Ethics of Reverse Engineering

You legally and ethically aren’t allowed to reverse engineer everything in the world. The reason why you’re reversing something also matters a lot. For example, reversing commercial software is often restricted. But, reversing malware, open sample code, and open source software is fine for the most part.

Make sure to check which regulations apply in your region of residence AND region of work and obviously make sure you follow them! You can also check out the Electronic Frontier Foundation’s Reverse Engineering FAQs for a US perspective on this.

I am not a lawyer, don’t take anything I say here as any form of legal advice.

Great, Where do I Learn More?

Well, depends on what kind of reverse engineering you want to do.
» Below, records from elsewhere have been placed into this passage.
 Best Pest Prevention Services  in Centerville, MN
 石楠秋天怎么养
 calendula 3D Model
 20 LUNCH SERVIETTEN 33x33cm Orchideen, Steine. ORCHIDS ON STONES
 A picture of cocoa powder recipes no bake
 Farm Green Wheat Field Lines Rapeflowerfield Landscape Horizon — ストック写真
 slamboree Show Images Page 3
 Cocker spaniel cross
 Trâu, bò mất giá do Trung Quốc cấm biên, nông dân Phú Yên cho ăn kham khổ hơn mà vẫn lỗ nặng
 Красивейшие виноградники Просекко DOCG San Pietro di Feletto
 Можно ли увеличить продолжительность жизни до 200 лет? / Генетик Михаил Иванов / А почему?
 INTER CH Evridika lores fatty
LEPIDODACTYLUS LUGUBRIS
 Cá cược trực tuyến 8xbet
Personally, I would generally recommend the following if you want to go for software reverse engineering:

  • Brush up on your C knowledge
    • Understanding pointers and data structures is usually enough
  • Learn x86 Assembly
  • Learn Reverse Engineering and PRACTICE reversing binaries
  • Learn more about binary file structures
    • PE Files, ELF Files, Mach-O, etc…
  • Learn more advanced x86 and OS-related topics (go as deep as you like)
    • Segmentation, paging, operation modes, control registers, SMM

Or don’t… Do whatever makes you good at what you want to do! There is No Single Roadmap.
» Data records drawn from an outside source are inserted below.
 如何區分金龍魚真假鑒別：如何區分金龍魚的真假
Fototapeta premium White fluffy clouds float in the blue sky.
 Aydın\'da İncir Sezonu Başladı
Needless to say, it doesn’t have to be in this exact order, as long as you cover the basics (the first 4 points)!

You may also want to check OpenSecurityTraining2’s learning paths, depending on what you want to do on the long run.

Some Resources

That’s about it, thanks for reading! I hope you learned something new from this post. If you did, or you at least enjoyed it (or both), please share it with your friends who enjoy staring at hex bytes and assembly code for hours upon end.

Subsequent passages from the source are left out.